■ Dataset extract:
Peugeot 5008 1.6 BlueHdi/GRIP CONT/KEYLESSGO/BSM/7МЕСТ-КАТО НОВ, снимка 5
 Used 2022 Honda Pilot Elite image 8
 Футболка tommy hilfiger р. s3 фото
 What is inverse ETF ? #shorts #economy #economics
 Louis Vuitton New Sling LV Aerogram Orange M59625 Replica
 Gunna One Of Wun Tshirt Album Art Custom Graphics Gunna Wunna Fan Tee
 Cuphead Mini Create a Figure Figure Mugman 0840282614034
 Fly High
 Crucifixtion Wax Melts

...

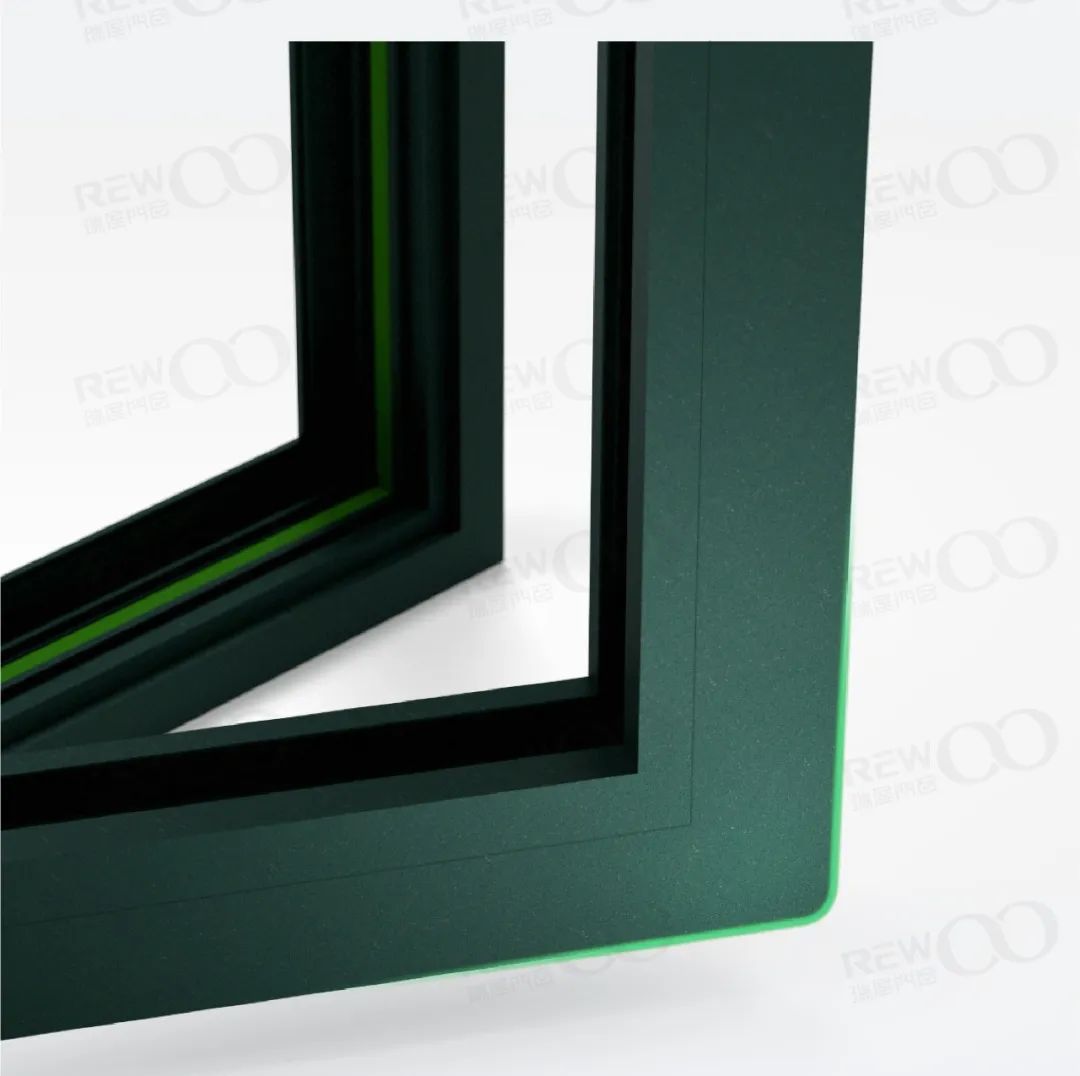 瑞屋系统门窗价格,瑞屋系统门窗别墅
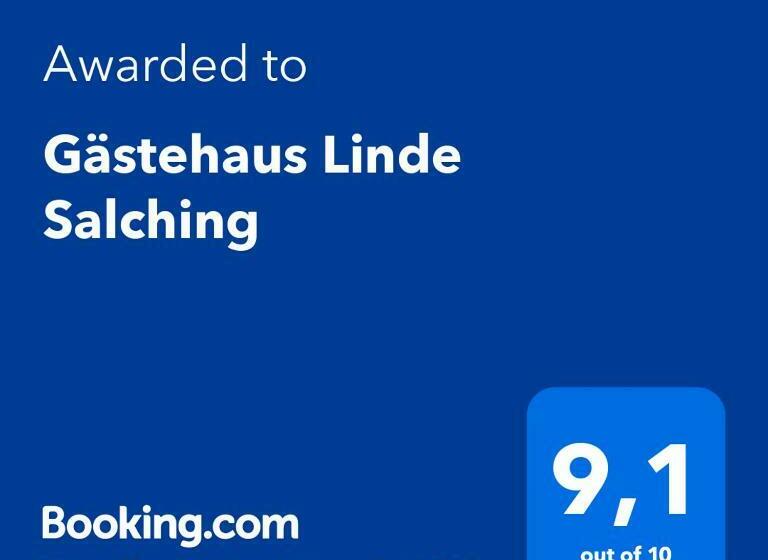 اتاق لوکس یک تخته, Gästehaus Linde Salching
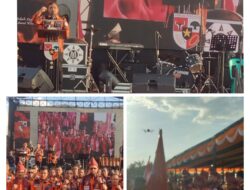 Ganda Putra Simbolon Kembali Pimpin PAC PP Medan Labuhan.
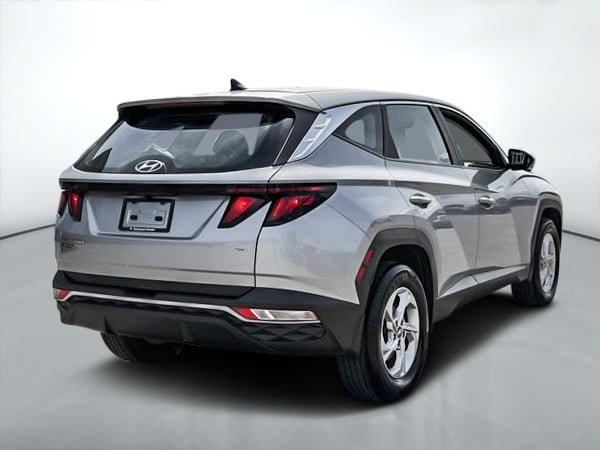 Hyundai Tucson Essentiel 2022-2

* * *

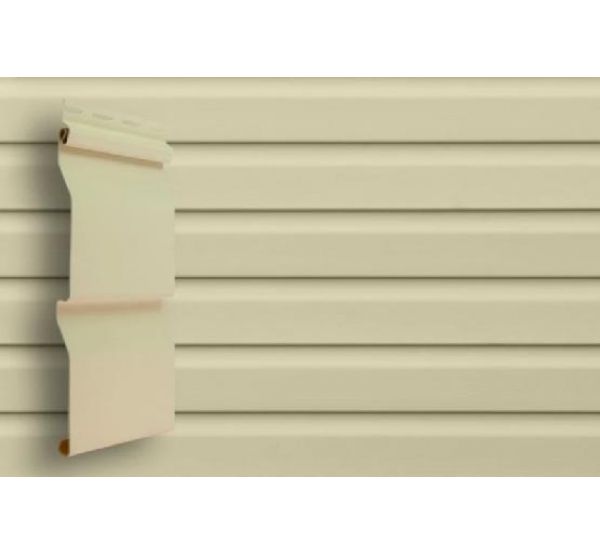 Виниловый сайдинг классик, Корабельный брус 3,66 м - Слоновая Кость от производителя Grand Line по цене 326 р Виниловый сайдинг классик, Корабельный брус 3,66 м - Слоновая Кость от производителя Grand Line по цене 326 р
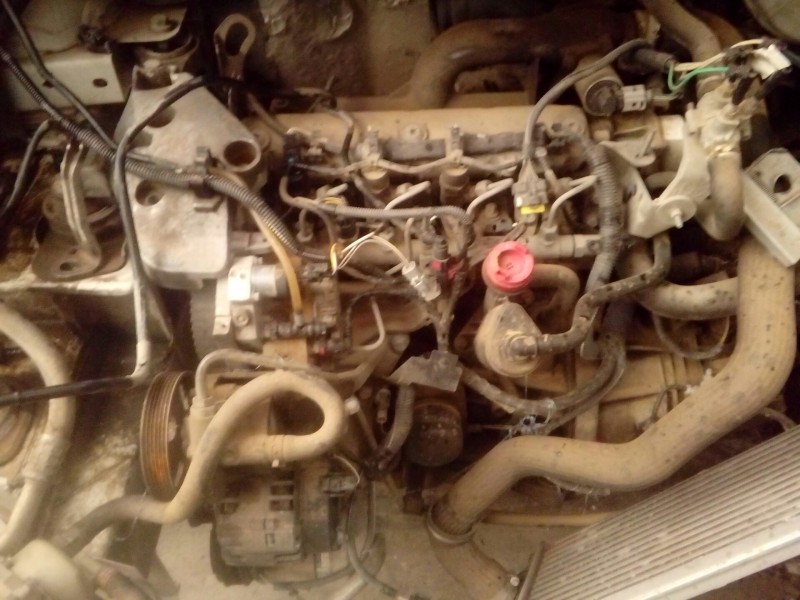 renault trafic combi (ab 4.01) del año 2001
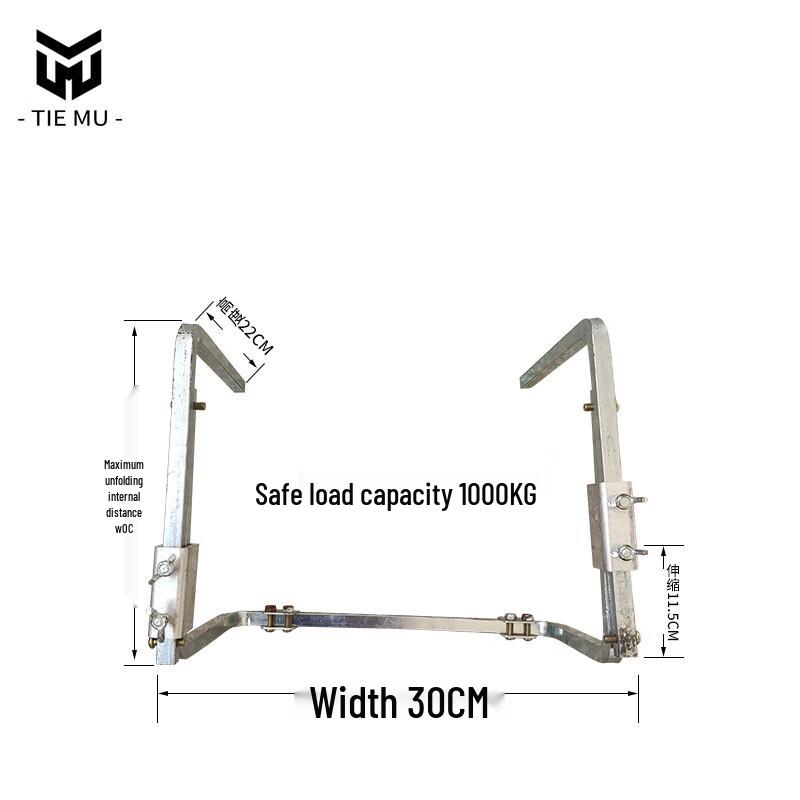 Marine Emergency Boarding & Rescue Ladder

■ Task requirements:
Begin at the line that has "Peugeot 5008 1.6" in the entries above; stop after the line that has "Crucifixtion Wax Melts". Transcribe exactly those lines and no others.

■ Problem solution:
Peugeot 5008 1.6 BlueHdi/GRIP CONT/KEYLESSGO/BSM/7МЕСТ-КАТО НОВ, снимка 5
 Used 2022 Honda Pilot Elite image 8
 Футболка tommy hilfiger р. s3 фото
 What is inverse ETF ? #shorts #economy #economics
 Louis Vuitton New Sling LV Aerogram Orange M59625 Replica
 Gunna One Of Wun Tshirt Album Art Custom Graphics Gunna Wunna Fan Tee
 Cuphead Mini Create a Figure Figure Mugman 0840282614034
 Fly High
 Crucifixtion Wax Melts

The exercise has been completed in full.